Positioning the child to assure stabilization and ease of access to the oral cavity can be accomplished by using a changing table or by placing the child's head in the lap of the caregiver. As the infant gains more control of the neck muscles, a more face-to-face approach may be attempted. Until that time, support for the head and neck are vital. By cradling the head against the caregiver's chest, one hand can be free to support the chin and one hand free for brushing.
The back of the brush or a finger can be used to retract the cheek and tongue for access to posterior teeth. Finger retraction of the lip will provide access to anterior areas.
Children will show signs of wanting to clean their own teeth by the age of 24 months. The fine-motor skills necessary for the child to adequately perform this activity are not yet developed at this age. A child at age 10 years has a similar ability to brush as an adult but before that age, a caregiver should either brush or supervise brushing.
Toothpaste can be used as a means to deliver fluoride to the tooth surface. The use of a fluoridated toothpaste should always be supervised in children under age 6. For those under three years old, a smear or rice size amount of fluoridated toothpaste twice a day is recommended by the American Academy of Pediatric Dentistry and American Dental Association. A very small amount of fluoridated toothpaste, equal to the size of a pea, should be wiped onto the toothbrush by the caregiver for children over aged 3 to 6 years of age twice a day. Caution should be taken to prevent the swallowing of toothpaste during critical periods of enamel formation, which is ages 0-8 years.

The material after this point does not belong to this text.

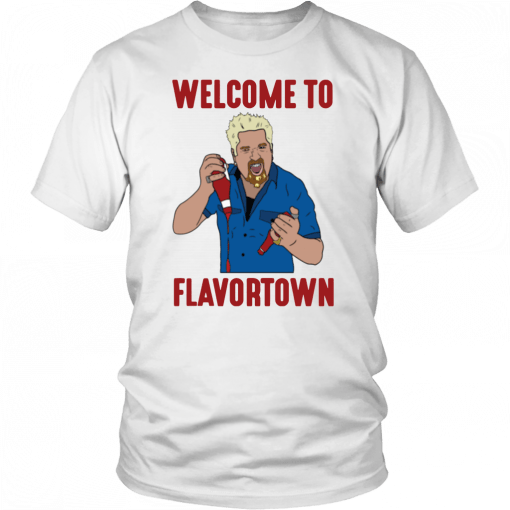 Mens Flavortown Classic T-Shirt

At age 3 to 4, a disclosing tablet or solution can be used with supervision. The stained plaque may help the child visualize the areas that need to be cleaned along with the effort and brush manipulations necessary to accomplish this task.
Allowing children to choose their own toothbrush from an assortment of soft nylon-bristle brushes may stimulate their interest. Child toothbrushes are available with age-appropriate bristles and handle designs. Setting aside special times of day for brushing, likewise, can help establish the importance of oral hygiene. Children can be given more independence in brushing as they mature. A child’s dedication to other life tasks and ability to perform activities like using a knife and fork, may be indicating of brushing independence.